**DIRECTIONS:** All the entries, exactly as they read, must be written out again.

Stored data entries

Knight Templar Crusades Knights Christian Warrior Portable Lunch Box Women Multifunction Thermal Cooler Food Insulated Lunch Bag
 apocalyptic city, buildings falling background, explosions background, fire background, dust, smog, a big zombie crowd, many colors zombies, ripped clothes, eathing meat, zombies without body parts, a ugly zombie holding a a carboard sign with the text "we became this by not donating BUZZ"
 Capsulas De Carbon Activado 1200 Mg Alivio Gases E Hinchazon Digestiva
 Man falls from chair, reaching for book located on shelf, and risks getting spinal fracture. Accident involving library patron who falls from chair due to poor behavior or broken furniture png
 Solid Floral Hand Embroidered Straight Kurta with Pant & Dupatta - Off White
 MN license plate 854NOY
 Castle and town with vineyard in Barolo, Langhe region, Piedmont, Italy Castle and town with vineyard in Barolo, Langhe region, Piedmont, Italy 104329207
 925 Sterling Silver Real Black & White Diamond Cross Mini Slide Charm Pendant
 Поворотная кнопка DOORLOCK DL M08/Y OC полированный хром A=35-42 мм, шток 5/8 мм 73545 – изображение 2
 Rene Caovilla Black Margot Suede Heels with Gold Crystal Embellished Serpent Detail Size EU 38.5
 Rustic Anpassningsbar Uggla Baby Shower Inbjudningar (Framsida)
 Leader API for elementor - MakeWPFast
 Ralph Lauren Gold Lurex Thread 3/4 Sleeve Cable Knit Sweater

**ANSWER SECTION:**
Knight Templar Crusades Knights Christian Warrior Portable Lunch Box Women Multifunction Thermal Cooler Food Insulated Lunch Bag
 apocalyptic city, buildings falling background, explosions background, fire background, dust, smog, a big zombie crowd, many colors zombies, ripped clothes, eathing meat, zombies without body parts, a ugly zombie holding a a carboard sign with the text "we became this by not donating BUZZ"
 Capsulas De Carbon Activado 1200 Mg Alivio Gases E Hinchazon Digestiva
 Man falls from chair, reaching for book located on shelf, and risks getting spinal fracture. Accident involving library patron who falls from chair due to poor behavior or broken furniture png
 Solid Floral Hand Embroidered Straight Kurta with Pant & Dupatta - Off White
 MN license plate 854NOY
 Castle and town with vineyard in Barolo, Langhe region, Piedmont, Italy Castle and town with vineyard in Barolo, Langhe region, Piedmont, Italy 104329207
 925 Sterling Silver Real Black & White Diamond Cross Mini Slide Charm Pendant
 Поворотная кнопка DOORLOCK DL M08/Y OC полированный хром A=35-42 мм, шток 5/8 мм 73545 – изображение 2
 Rene Caovilla Black Margot Suede Heels with Gold Crystal Embellished Serpent Detail Size EU 38.5
 Rustic Anpassningsbar Uggla Baby Shower Inbjudningar (Framsida)
 Leader API for elementor - MakeWPFast
 Ralph Lauren Gold Lurex Thread 3/4 Sleeve Cable Knit Sweater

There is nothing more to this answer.